How do you use Active Directory in a "hosted solution"?

Question

Yesterday I got a call from a Microsoft representative asking if we supply "hosted solutions", presumably as part of the big Windows Azure push. As soon as I got off that call, our marketing director came into my office and said the majority of our customers are demanding Active Directory integration in the next version. Then it occurred to me: how does one use Active Directory in a "hosted solution" if the application does not live on the customer's network?

As a more general question about Active Directory integration, what kind of functional changes does that usually imply for an app? Does it mean a user is signed into the app just by authenticating to Active Directory or does it mean the app gets its list of users from Active Directory or does the creation of new users or groups in the app create new users or groups in Active Directory?

Am I just caught in the crossfire of a war of buzzwords?

Answer 1

You're not. Active Directory can be run across the public Internet, though this complicates the security and setup of the network rather considerably.

Generally, authenticating an app against Active Directory means that your membership provider (for example) would call into Active Directory to do the authentication and, after that, the user is simply logged in; you don't keep active credentials, etc, in your own database.
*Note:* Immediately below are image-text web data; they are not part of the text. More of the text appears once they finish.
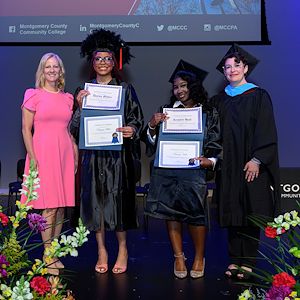 From left, Suzanne S. Ryan, External Affairs Manager, PECO, and Vice Chair of the Montgomery County Community College (PA) Legacy Fund, stands with the PECO Rising Stars Award recipients Dayna Miller and Kimoni Hall, along with Michelle Kulla, Gateway Program Manager.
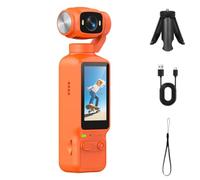 Caméra de vlogging 4K avec Objectif Rotatif à 180°, caméra d'action Portable de Poche avec Enregistrement Audio et vidéo, enregistreur vidéo Portable avec écran de 1,97 Pouce,Orange-134 * 42 * 31mm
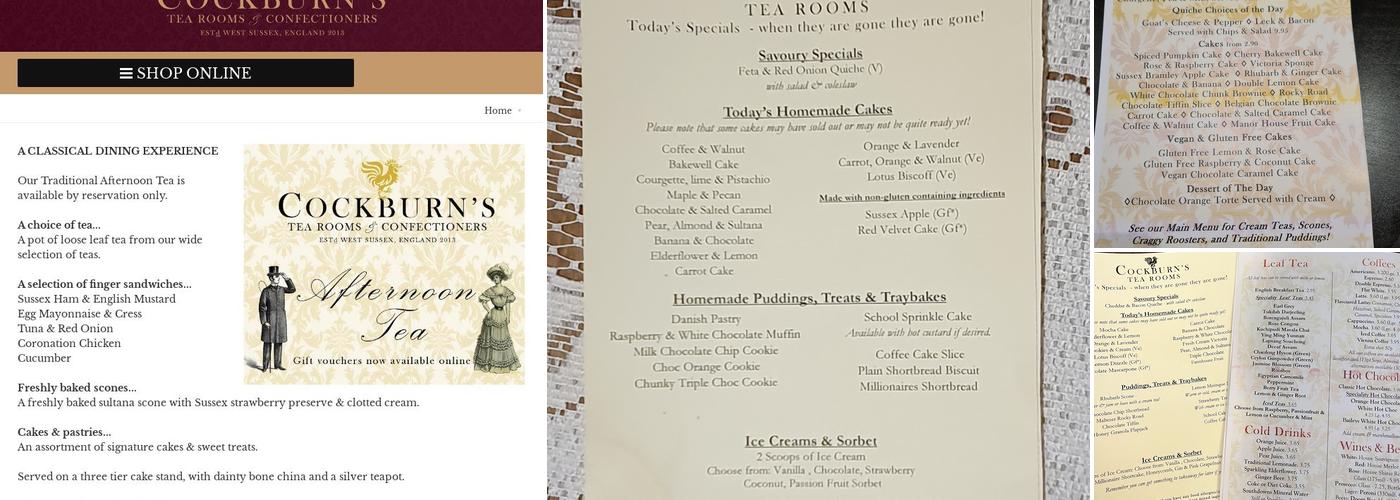 Cockburn's Tea Rooms Menu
However I would consider it smart to cache that information as well, and be prepared to authenticate against that cache in addition to the directory, in case the domain controller is unavailable for authentication (an especially large risk if you're running the directory across the Internet).

Answer 2

You can use Active Directory Federated Services to enable authentication using AD over the internet between two organizations. See: http://technet.microsoft.com/en-us/library/cc786469.aspx

I've never used it only read about it. Hope it helps.